New onset arteriovenous malformations in adults: a case series of caution

Abstract

 

Introduction: New onset arteriovenous malformation (AVM) in adulthood requires a high index of clinical suspicion. The misdiagnosis of vascular soft tissue lesions as AVMs is relatively common, resulting in delays to definitive diagnosis and management. We present four recent ‘AVM referrals’ which were neoplastic and propose some clinical considerations to facilitate development of a care pathway for AVM referrals.

Case reports: Four patients over a 6-month period were referred with ‘an AVM’ following clinical and ultrasound assessment. Ultimately these lesions were diagnosed to be neoplastic, including a  Merkel cell carcinoma, an atypical fibroxanthoma with sarcomatous features, and two cases of relapsed marginal zone lymphoma.

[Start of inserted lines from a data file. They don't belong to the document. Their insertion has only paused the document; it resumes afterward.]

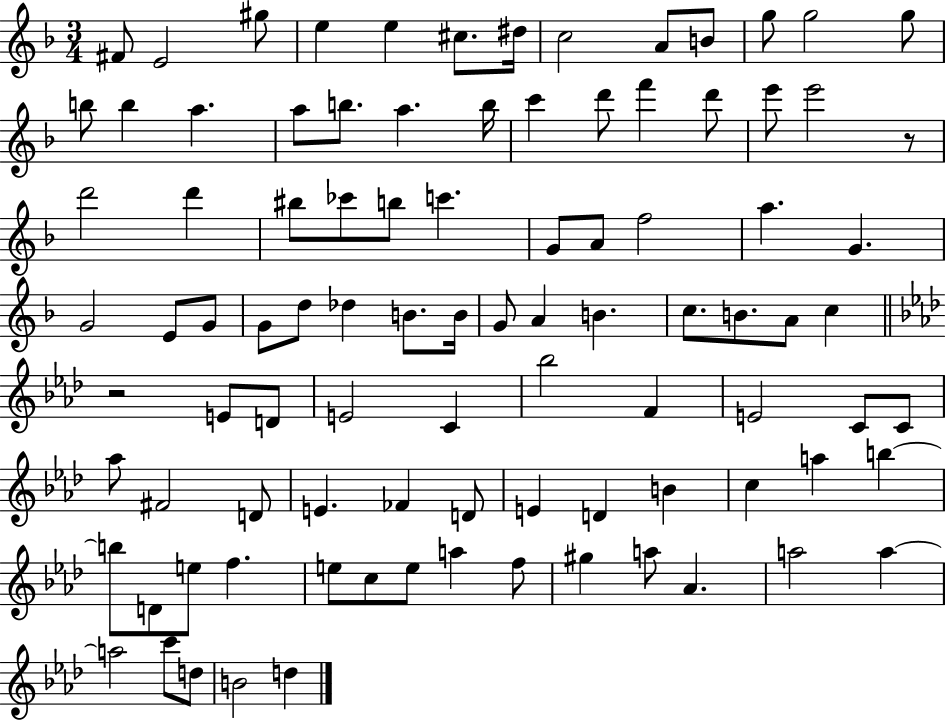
X:1
T:Untitled
M:3/4
L:1/4
K:F
^F/2 E2 ^g/2 e e ^c/2 ^d/4 c2 A/2 B/2 g/2 g2 g/2 b/2 b a a/2 b/2 a b/4 c' d'/2 f' d'/2 e'/2 e'2 z/2 d'2 d' ^b/2 _c'/2 b/2 c' G/2 A/2 f2 a G G2 E/2 G/2 G/2 d/2 _d B/2 B/4 G/2 A B c/2 B/2 A/2 c z2 E/2 D/2 E2 C _b2 F E2 C/2 C/2 _a/2 ^F2 D/2 E _F D/2 E D B c a b b/2 D/2 e/2 f e/2 c/2 e/2 a f/2 ^g a/2 _A a2 a a2 c'/2 d/2 B2 d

Discussion: These cases demonstrate a range of features which are atypical for AVM. Atypical clinical features include sudden onset, rapid growth, pain or haematological malignancy in earlier life. Atypical ultrasound findings include failure to identify clear feeding vessels or a central nidus, and simple reporting of lesion vascularity. There is significant variation in ultrasound practices for vascular soft tissue lesions which do not follow a standardised protocol. Clinical decision making may be facilitated by complementary imaging and histological tissue sampling.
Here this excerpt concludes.